O câncer de mama cria essa sensação de guerra entre a pessoa e a doença. Para combatê-lo, portanto, é preciso compreendê-lo e desafiá-lo. Neste Outubro Rosa, a nossa luta é pelo empoderamento dos pacientes. Durante todo o mês _ através da campanha #PacientesNoControle _ incentivaremos a busca de mais informações sobre o tratamento com os médicos, além da participação ativa nas decisões e exigência dos direitos. O enfrentamento é o primeiro passo rumo à recuperação.

Quando o paciente assume as rédeas do seu processo de recuperação e obtém o devido suporte, ele aumenta significativamente suas chances

Engajar pacientes é um desafio de toda a área da saúde.
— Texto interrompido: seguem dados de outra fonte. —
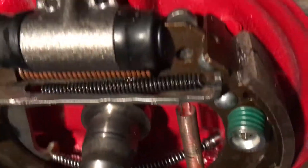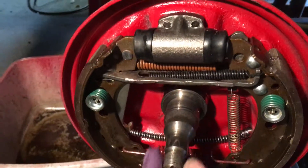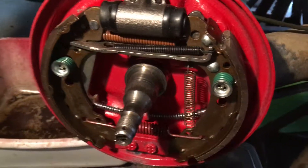There we go. So I have to grease all this up so that the bearings and stuff seat properly. I'm going to wipe it down. It's looking pretty good.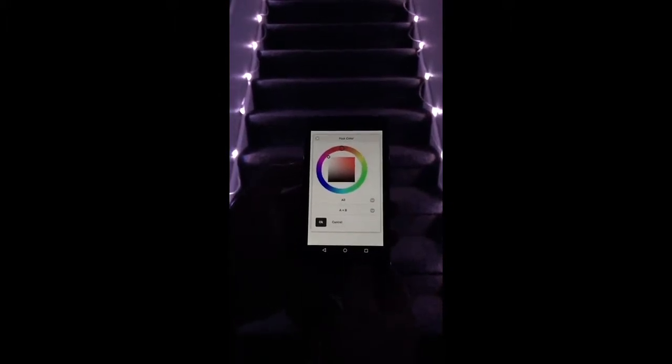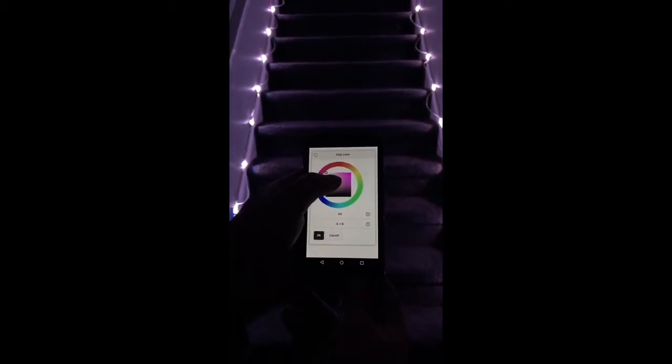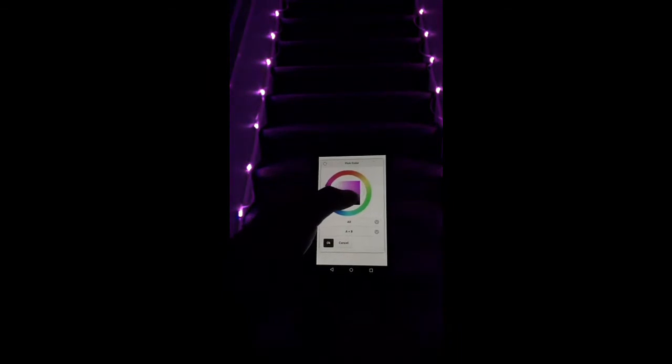Okay, now we're going to try out the color picker for the LED stairs. I've got it right here as white, and I can adjust to purple. I can dim it, brighten it back up.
Com tristeza, verificamos que muita gente se apequena perante a doença, com muitas barreiras para entender ou assumir o protagonismo _ mesmo quando existem boas chances de cura e condições adequadas de tratamento. O câncer de mama é também uma guerra psicológica, travada com seus próprios sentimentos e expectativas. O que queremos incentivar é que não há motivação maior do que o domínio de suas possibilidades.
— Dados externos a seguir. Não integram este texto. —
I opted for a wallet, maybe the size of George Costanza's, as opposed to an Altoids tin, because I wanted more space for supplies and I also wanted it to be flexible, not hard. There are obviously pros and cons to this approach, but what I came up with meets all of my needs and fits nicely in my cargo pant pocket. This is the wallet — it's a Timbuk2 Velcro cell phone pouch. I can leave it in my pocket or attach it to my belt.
O Rio Grande do Sul é o estado com maior incidência de câncer de mama no Brasil. São 90 casos para cada 100 mil habitantes. Milhares de gaúchas (e algumas dezenas de gaúchos) neste exato momento enfrentam as incertezas da doença e seu tratamento. Podemos _ amigos, familiares e profissionais da saúde _ auxiliá-los a tomar o controle, com empatia e sensibilidade. Mesmo quem está de fora, mas se sensibiliza com a causa, pode ajudar, atuando como voluntário em grupos de apoio de instituições como o Imama (Instituto da Mama do RS).
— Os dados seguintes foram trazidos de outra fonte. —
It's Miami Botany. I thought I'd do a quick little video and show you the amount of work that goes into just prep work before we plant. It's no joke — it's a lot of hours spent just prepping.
Quando o paciente assume as rédeas do seu processo de recuperação e obtém o devido suporte, ele aumenta significativamente suas chances. O câncer de mama é um inimigo ardiloso, mas está longe de ser imbatível. #PacientesNoControle são guerreiras e guerreiros que conhecem suas chances e vão em frente, com amor à vida e sem medo de enfrentar cada batalha.



A Importância da nutrição e de hábitos alimentares saudáveis para pacientes com câncer.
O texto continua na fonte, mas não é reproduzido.